EXTRACTED ENTRIES section start

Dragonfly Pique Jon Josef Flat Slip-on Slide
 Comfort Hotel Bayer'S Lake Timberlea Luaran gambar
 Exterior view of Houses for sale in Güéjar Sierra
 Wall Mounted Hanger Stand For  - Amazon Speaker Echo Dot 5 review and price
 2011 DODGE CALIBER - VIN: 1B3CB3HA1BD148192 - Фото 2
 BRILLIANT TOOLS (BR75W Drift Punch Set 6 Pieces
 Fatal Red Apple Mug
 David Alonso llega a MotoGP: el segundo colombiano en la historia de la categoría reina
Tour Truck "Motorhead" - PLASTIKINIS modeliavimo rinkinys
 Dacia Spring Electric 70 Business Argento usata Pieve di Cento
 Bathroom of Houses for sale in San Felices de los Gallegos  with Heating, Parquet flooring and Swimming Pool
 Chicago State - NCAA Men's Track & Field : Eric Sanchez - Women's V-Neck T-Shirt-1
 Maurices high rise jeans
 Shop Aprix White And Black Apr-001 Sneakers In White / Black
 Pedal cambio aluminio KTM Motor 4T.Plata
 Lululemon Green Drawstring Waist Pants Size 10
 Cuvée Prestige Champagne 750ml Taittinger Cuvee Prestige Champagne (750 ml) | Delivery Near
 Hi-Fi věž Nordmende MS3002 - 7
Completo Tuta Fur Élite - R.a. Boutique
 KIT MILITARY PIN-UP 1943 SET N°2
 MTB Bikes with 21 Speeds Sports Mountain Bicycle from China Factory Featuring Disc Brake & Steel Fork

EXTRACTED ENTRIES section end

WORK INSTRUCTIONS
Copy out the entries exactly. Begin at the first line and end with the line that has "Pedal cambio aluminio KTM Motor 4T.Plata".

WRITTEN SOLUTION
Dragonfly Pique Jon Josef Flat Slip-on Slide
 Comfort Hotel Bayer'S Lake Timberlea Luaran gambar
 Exterior view of Houses for sale in Güéjar Sierra
 Wall Mounted Hanger Stand For  - Amazon Speaker Echo Dot 5 review and price
 2011 DODGE CALIBER - VIN: 1B3CB3HA1BD148192 - Фото 2
 BRILLIANT TOOLS (BR75W Drift Punch Set 6 Pieces
 Fatal Red Apple Mug
 David Alonso llega a MotoGP: el segundo colombiano en la historia de la categoría reina
Tour Truck "Motorhead" - PLASTIKINIS modeliavimo rinkinys
 Dacia Spring Electric 70 Business Argento usata Pieve di Cento
 Bathroom of Houses for sale in San Felices de los Gallegos  with Heating, Parquet flooring and Swimming Pool
 Chicago State - NCAA Men's Track & Field : Eric Sanchez - Women's V-Neck T-Shirt-1
 Maurices high rise jeans
 Shop Aprix White And Black Apr-001 Sneakers In White / Black
 Pedal cambio aluminio KTM Motor 4T.Plata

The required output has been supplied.